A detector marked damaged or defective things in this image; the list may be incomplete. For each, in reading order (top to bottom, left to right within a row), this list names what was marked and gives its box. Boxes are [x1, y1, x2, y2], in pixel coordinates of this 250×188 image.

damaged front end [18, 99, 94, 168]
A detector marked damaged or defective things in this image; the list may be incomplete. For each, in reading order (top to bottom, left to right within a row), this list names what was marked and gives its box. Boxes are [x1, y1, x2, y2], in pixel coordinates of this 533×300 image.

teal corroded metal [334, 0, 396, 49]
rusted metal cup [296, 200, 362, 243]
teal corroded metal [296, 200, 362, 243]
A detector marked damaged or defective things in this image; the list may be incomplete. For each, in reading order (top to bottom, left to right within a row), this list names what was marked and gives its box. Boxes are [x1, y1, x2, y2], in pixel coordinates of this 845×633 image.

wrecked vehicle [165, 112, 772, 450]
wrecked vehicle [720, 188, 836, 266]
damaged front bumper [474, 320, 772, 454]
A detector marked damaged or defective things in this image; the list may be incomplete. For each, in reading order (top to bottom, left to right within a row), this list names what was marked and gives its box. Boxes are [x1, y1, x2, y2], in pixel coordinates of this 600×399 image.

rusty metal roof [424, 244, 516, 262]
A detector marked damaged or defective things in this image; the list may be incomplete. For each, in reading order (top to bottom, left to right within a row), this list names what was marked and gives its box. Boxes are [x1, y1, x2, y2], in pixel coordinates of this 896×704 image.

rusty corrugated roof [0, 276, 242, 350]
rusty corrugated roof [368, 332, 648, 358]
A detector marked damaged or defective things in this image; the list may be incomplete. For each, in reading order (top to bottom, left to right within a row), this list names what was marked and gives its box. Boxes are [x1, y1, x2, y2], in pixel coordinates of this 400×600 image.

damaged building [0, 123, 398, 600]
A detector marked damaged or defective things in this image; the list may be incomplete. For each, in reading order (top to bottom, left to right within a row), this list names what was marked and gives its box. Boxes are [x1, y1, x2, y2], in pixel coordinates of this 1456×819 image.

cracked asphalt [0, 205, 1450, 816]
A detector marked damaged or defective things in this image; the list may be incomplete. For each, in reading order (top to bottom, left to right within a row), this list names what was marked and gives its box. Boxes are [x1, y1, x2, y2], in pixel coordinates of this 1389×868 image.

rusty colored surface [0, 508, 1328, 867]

------------------------------------

Aim of the task:
The lines from the one holding "this 600×399 image." to the last line of the entries, both included: retype them exactly and give nothing else.

Output of the task:
A detector marked damaged or defective things in this image; the list may be incomplete. For each, in reading order (top to bottom, left to right within a row), this list names what was marked and gives its box. Boxes are [x1, y1, x2, y2], in pixel coordinates of this 600×399 image.

rusty metal roof [424, 244, 516, 262]
A detector marked damaged or defective things in this image; the list may be incomplete. For each, in reading order (top to bottom, left to right within a row), this list names what was marked and gives its box. Boxes are [x1, y1, x2, y2], in pixel coordinates of this 896×704 image.

rusty corrugated roof [0, 276, 242, 350]
rusty corrugated roof [368, 332, 648, 358]
A detector marked damaged or defective things in this image; the list may be incomplete. For each, in reading order (top to bottom, left to right within a row), this list names what was marked and gives its box. Boxes are [x1, y1, x2, y2], in pixel coordinates of this 400×600 image.

damaged building [0, 123, 398, 600]
A detector marked damaged or defective things in this image; the list may be incomplete. For each, in reading order (top to bottom, left to right within a row), this list names what was marked and gives its box. Boxes are [x1, y1, x2, y2], in pixel coordinates of this 1456×819 image.

cracked asphalt [0, 205, 1450, 816]
A detector marked damaged or defective things in this image; the list may be incomplete. For each, in reading order (top to bottom, left to right within a row), this list names what was marked and gives its box. Boxes are [x1, y1, x2, y2], in pixel coordinates of this 1389×868 image.

rusty colored surface [0, 508, 1328, 867]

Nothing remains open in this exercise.